July 30, 2010

Healthy Greek Thin-Crust Pizza

Pizza is on the list of foods that I would eat everyday and be totally content.  I've always said it includes the 4 food groups that they beat into our brains growing up.  (Crust=Bread, Cheese=Dairy, Pepperoni or Sausage=Meat,  Mushrooms or Tomatoes from the sauce=Vegetable)

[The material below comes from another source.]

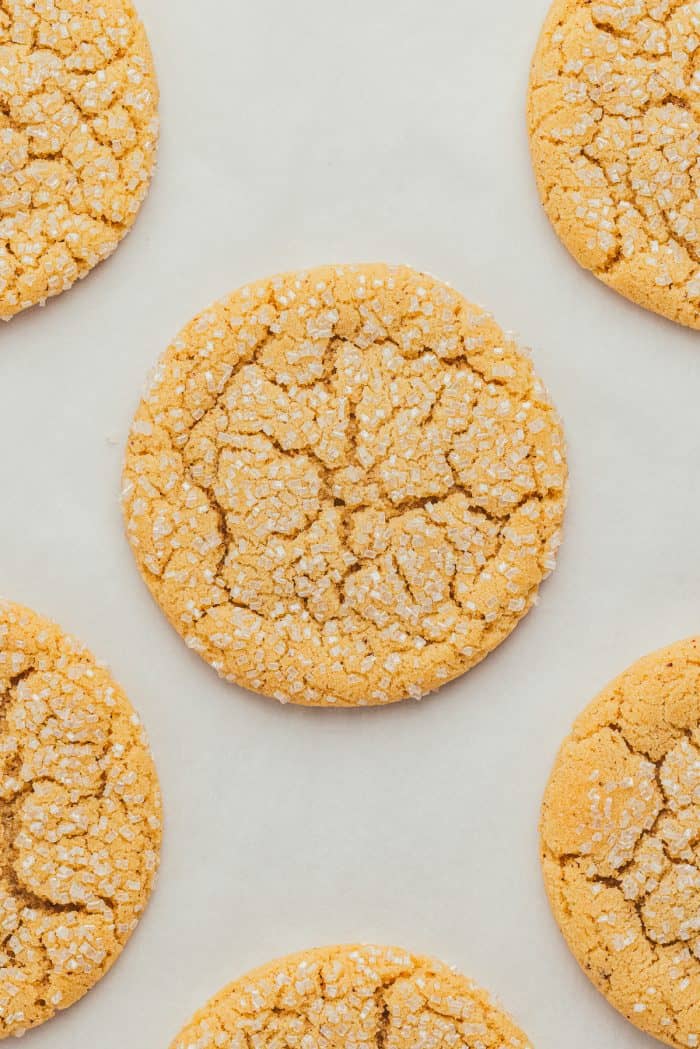 Various brown butter cookies on parchment paper.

I bought the Pillsbury thin-crust pizza dough to try.  I have tried the regular pizza dough and it's too thick and doughy in my opinion.   The thin-crust cooked perfectly.  It was crispy but not too thin or dry.   I had just a few ingredients on hand that I just threw on to see what it would taste like.  I didn't add a sauce because I didn't have any and really didn't think it needed much with all the flavor in the toppings.  Pizza is all about personalizing to make it your own and put whatever you like on it.   Here's my tasty creation.  I hope you enjoy!!

2 tbsp olive oil
1 pkg Pillsbury thin-crust pizza dough
1 tsp garlic, minced
1 tsp dried oregano or Italian seasoning
1/4 c sun-dried tomatoes, chopped
1 pkg frozen spinach, thawed and drained
1/4 c parmesan cheese, shredded
1/4 c mozzarella cheese, shredded
1/4 c feta cheese
pinch of salt

Preheat oven to 400 degrees.  Spray a cookie sheet with non-stick spray and roll dough out.   Drizzle dough with about 1 tablespoon olive oil, dried oregano or Italian seasoning, parmesan and mozzarellla cheese.  Bake for 5 minutes (I believe that is what is directed on package but double check.) 

Take the crust out of the oven and add the toppings.  Spinach, sun-dried tomatoes, minced garlic, feta cheese.  Sprinkle with a pinch of salt. Drizzle about a tablespoon of olive oil on top.  Bake for 8 minutes or whatever package says.  Slice sicilian-style (squares) and enjoy!